### Assignment
Extract from the entries below, exactly as given, only the lines from the line containing "Used 2024 Chevrolet" to the line containing "Porsche 992 Carrera 4S Cabriolet", both lines included.

### Dataset excerpts
- Opening Delimiter -

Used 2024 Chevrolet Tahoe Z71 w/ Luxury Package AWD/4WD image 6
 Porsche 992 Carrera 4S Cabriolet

- Closing Delimiter -
- Opening Delimiter -

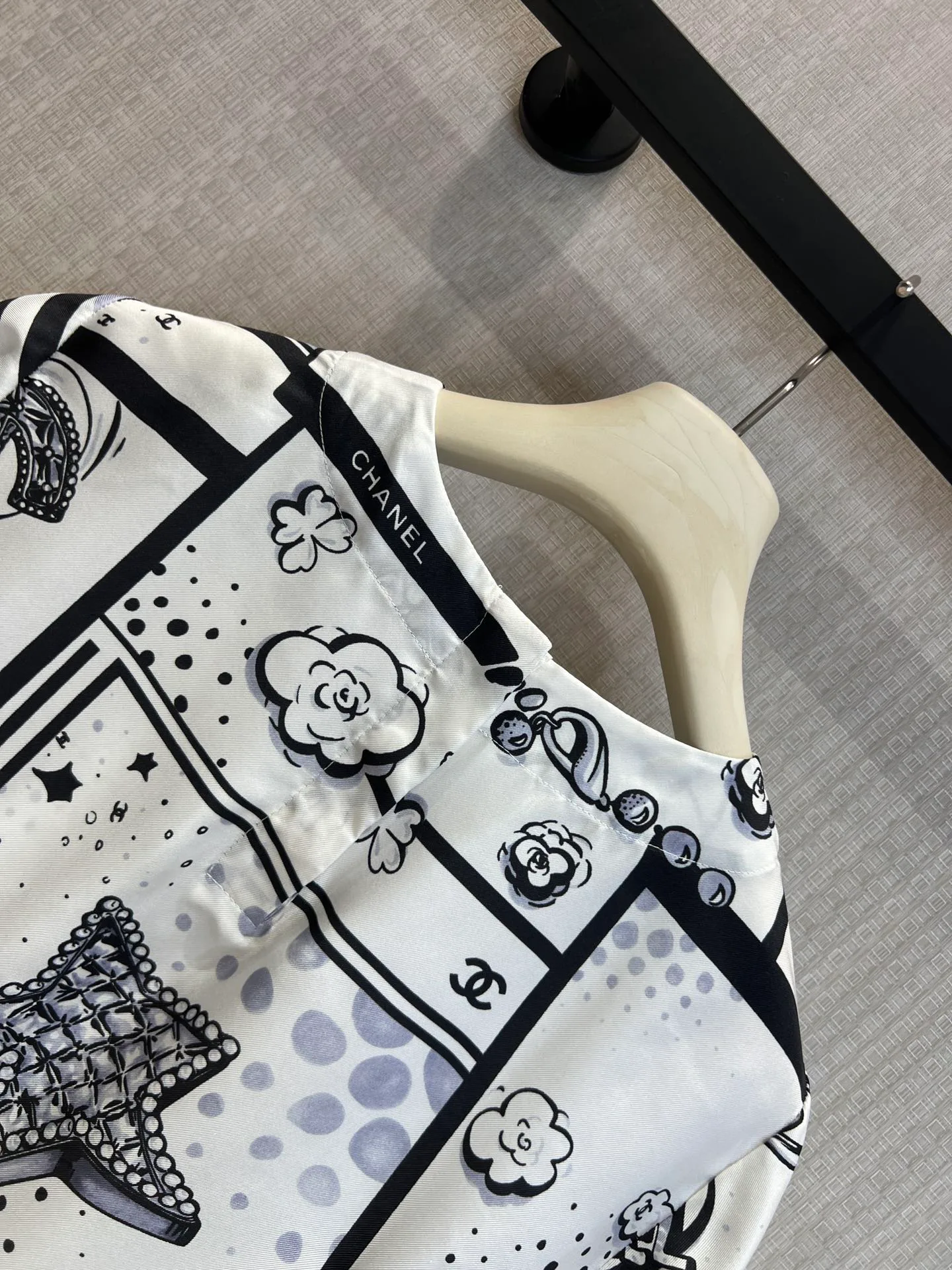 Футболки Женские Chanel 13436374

- Closing Delimiter -
- Opening Delimiter -

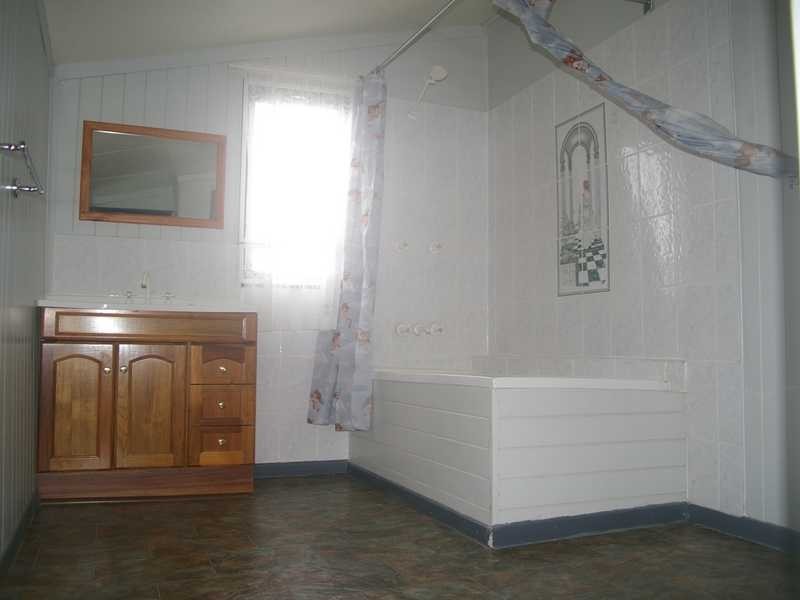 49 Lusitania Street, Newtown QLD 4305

- Closing Delimiter -

### Response for this exercise
Used 2024 Chevrolet Tahoe Z71 w/ Luxury Package AWD/4WD image 6
 Porsche 992 Carrera 4S Cabriolet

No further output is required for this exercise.